Kansas has 364 megawatts of wind energy. But most of the year the wind is not blowing nearly hard enough to make 364 megawatts.

Last year wind generators nationally produced only 30 percent as much energy in a year as they would if they ran at full tilt, every hour of the year, a measure called “capacity factor.” Unlike nuclear power plants such as Wolf Creek, which achieve capacity factors of 90 percent or more, the wind operator cannot decide when the wind generator will run.

Texas has more wind energy than any other state, and bigger problems as a result. Last year the Electric Reliability Council of Texas said that wind power could be counted on as being reliable only 8.7 percent of the time during periods of peak demand. The rest of the time electric utilities were forced to use backup power generation, usually high-priced natural gas.

During a summer heat spell two years ago in California, another state with a lot of wind energy, wind generators operated at only 5 percent of capacity or less, setting off a Level 1 emergency in which people were asked to conserve power by using less air conditioning. Blackouts were barely averted when utilities decided to use gas turbines to provide emergency power.

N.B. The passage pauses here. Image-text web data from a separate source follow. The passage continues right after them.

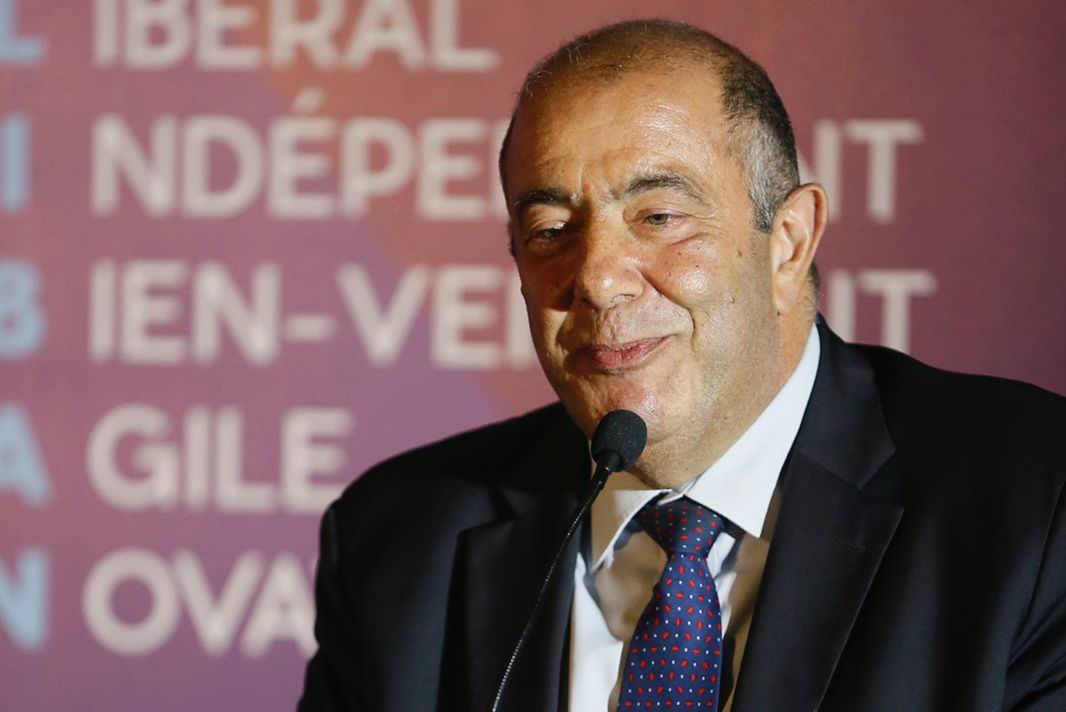 Décès de Fouad Rahmé, ancien président et pilier du RDCL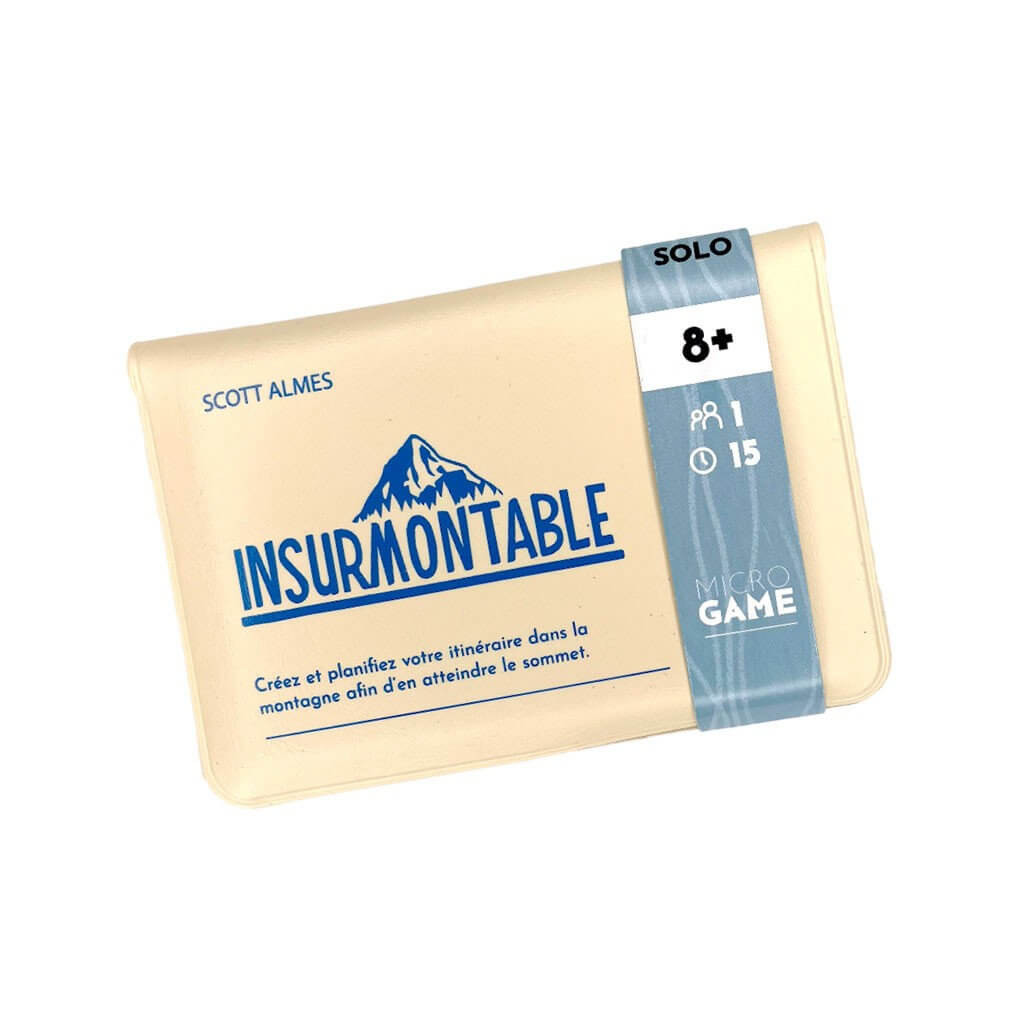 Insurmontable (MicroGame 20)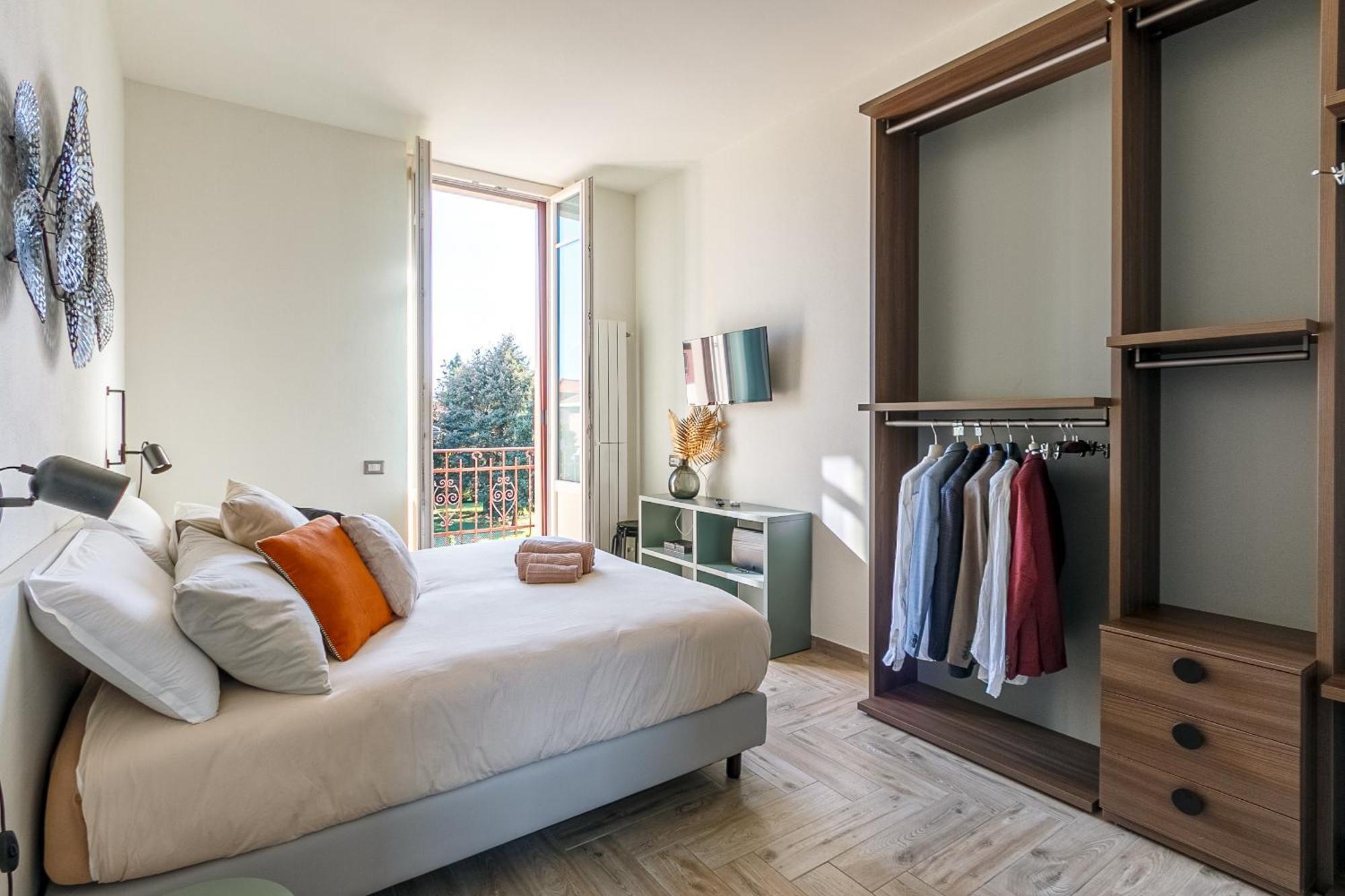 Al 33 Di Via Roma - Apartments 卡尔达诺阿尔坎波 外观 照片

Another problem with wind farms is their location. Where the wind is best is often hundreds of miles from cities that most need the power, so high-cost transmission lines must be built to transmit the electricity.
Instead of fantasizing about homes outfitted with Nocera electrolysis systems, the effort should be directed toward deployment of industrial scale hydrox plants that can safely handle the hydrogen, compress it, liquify it, and burn it as a useful clean energy transport and storage medium during non-peak production periods from equally clean solar and wind based energy production sources.